Unit Four: Differentiating among the alternative hypotheses by blocking the upstream input
Simulating the suppression of PIP3 levels
Three models remained under consideration: PIP3-dependent recruitment, PIP3-independent recruitment, and retention. We simulated serum-induced effects the three models while suppressing the PIP3 levels (the canonical input). The serum-induced deviation (the non-canonical input) was maintained. As expected, output was suppressed in all three models (Aktp308 in Fig 7A(i), dashed lines; Aktp308m in Fig 7A(iv), dashed lines). There was a significant difference among the models for the predicted levels of total Akt at the membrane (Fig 7A(iii), dashed lines). Akt would remain cytosolic for the retention model and PIP3-dependent model, but Akt would accumulate at the membrane under the PIP3-independent recruitment model.
LY29 experiments rule out PI3K-independent recruit
Based on the simulations of Fig 7A, we proposed to measure the dynamics of TotMemAkt, after serum stimulation, with and without suppression of PIP3. Lipids are difficult to target directly, so we treated cells with LY294002 (LY29), a small-molecule inhibitor of PI3K. (Recall that PI3K is immediately upstream of PIP3.) LY29 treatment is not necessarily identical to PIP3 suppression, but if LY29 treatment would fail to suppress serum-stimulated recruitment of (unphosphorylated) Akt to the membrane, that would still be compelling support for a model with PIP3-independent recruitment (not to mention PI3K-independent recruitment).

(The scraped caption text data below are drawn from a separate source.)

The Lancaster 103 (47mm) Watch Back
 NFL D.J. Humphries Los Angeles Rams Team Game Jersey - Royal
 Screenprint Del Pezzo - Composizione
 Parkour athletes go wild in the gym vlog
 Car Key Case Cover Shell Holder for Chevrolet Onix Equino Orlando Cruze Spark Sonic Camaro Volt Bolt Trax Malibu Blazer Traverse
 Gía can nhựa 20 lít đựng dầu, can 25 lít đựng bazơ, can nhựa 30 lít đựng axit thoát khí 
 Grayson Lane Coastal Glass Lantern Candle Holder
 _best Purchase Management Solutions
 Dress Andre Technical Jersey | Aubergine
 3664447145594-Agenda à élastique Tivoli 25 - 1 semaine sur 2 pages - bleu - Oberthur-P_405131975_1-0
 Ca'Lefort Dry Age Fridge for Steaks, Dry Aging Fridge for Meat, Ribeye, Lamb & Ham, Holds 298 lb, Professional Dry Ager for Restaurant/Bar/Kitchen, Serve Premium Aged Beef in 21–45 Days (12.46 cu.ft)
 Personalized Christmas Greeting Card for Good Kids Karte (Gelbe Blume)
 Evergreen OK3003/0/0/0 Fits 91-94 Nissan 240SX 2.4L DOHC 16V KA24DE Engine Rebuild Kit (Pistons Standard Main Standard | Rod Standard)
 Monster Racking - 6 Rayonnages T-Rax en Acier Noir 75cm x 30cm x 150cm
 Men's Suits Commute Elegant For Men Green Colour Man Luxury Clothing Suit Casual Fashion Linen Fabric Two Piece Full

The membrane fraction of total Akt (TotMemAkt) was measured in serum-stimulated fibroblasts with and without LY29 pre-treatment (Fig 7B). The levels of TotMemAkt were roughly flat, with no non-canonical boost. Fig 8B shows a quantified version of the observed trend (black dashed line), superimposed with three colored curves for the three alternative models. LY29 blocked the non-canonical effect, indicating that LY29 and PI3K are upstream of the non-canonical effect. Combined with the earlier weaknesses in the PIP3-independent recruitment model and the current failure, we ruled out the PIP3-independent recruitment model (red curve), and we retained the models with PIP3-dependent recruitment or retention.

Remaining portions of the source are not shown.